Germany’s power system faces major challenges as a result of the energy transition. The country’s electricity mix has already changed a lot and renewable energy sources today already account for 25 percent of electricity production. Wind power and photovoltaic systems, in particular, are becoming pillars of the future electricity system. The system will have to cope with large amounts of volatile or fluctuating electricity being produced in ways beyond its control. As a result, flexibility will become a central tenet of the new electricity system.
At times, wind and solar plants alone will produce more electricity than is needed. At other times, these sources will be hard pushed to contribute anything to cover electricity demand. As a result, the demand for residual capacity – conventional power plants held in reserve – will be less uniform than before. Remaining conventional power plants will have to deal with more frequent and extreme load changes.

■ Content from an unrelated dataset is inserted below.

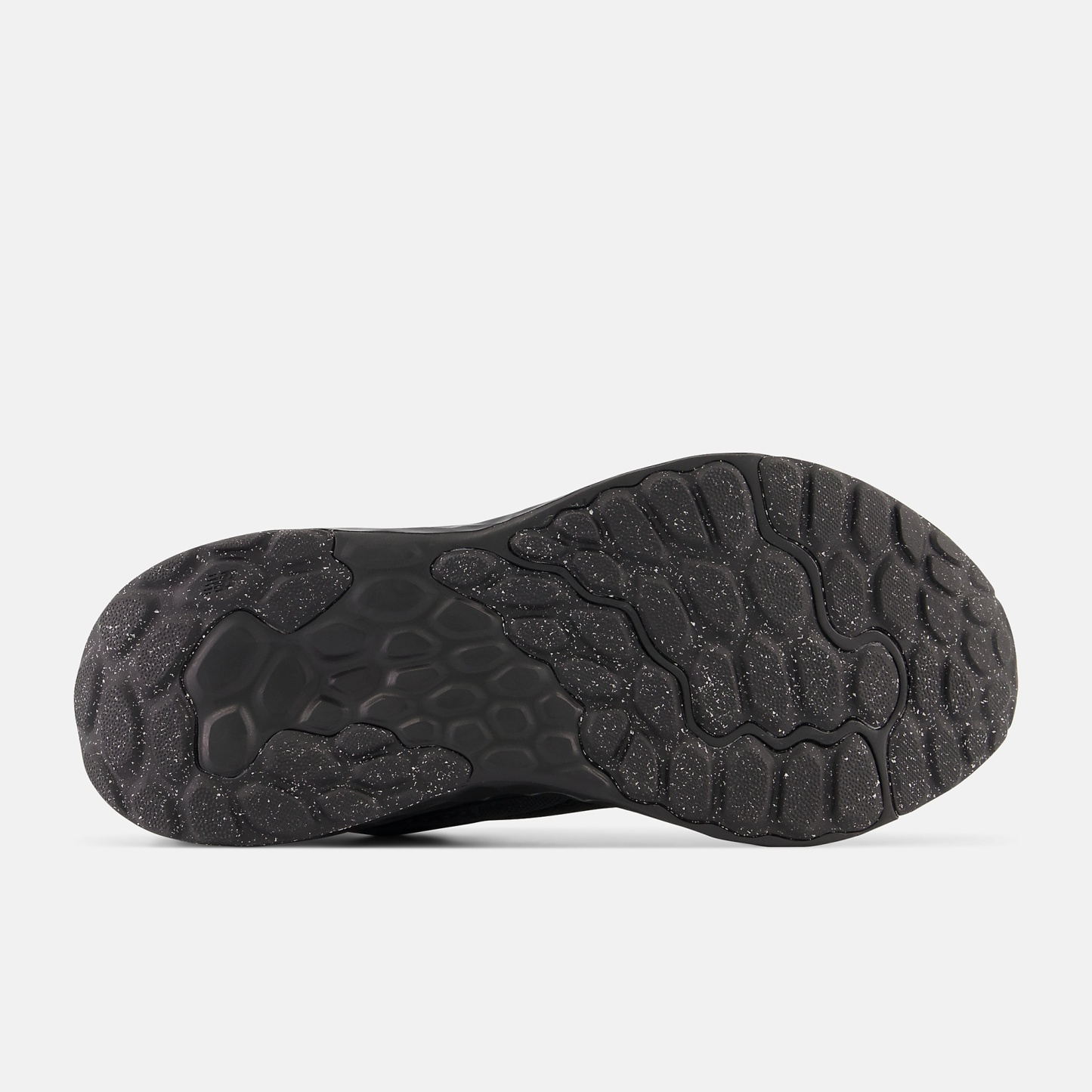New Balance Fresh Foam Arishi v4 Gore-Tex®, WARISGB4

Peak times in demand for residual capacity (when low output of wind and solar power coincides with high demand for electricity) will require flexible electricity producers, storage units and electricity imports. But flexible electricity customers will also have an important role in reducing their consumption and helping to bring supply and demand into balance. Conversely, off-peak demand for residual load capacity (when high output of wind and solar power coincides with low demand for electricity) will need to make use of storage units and export electricity, as well as demanding flexible consumption at such times.
In essence, the trick will be to ensure a reliable power supply by matching generation and consumption as much as possible at all times. Competitive markets will make it possible to price electricity in such a way that consumers get an incentive to adapt their long- and short-term electricity needs. This would allow extreme situations with rapid and unexpected load changes to be managed safely. The challenge will be to enable undistorted price signals to encourage the optimal – i.e. least costly – use of all flexibility options on both the supply and the demand side.
As a result, the topic of flexibility encompasses generation technologies from fossil fuel power stations to cogeneration and biomass plants (e.g. reduction of minimum power, acceleration of start times, ramp capability), demand response, technologies that span different sectors, such as the integration of power-to-heat (turning excess electricity into heat), storage techniques and of course the power grids.
Free and fair competition should activate all options that can meet demand most efficiently. The challenge is to create a market and regulatory design that breaks down the barriers on the path to true ??flexibility, and provides a "level playing field" with equitable access to all flexibility options.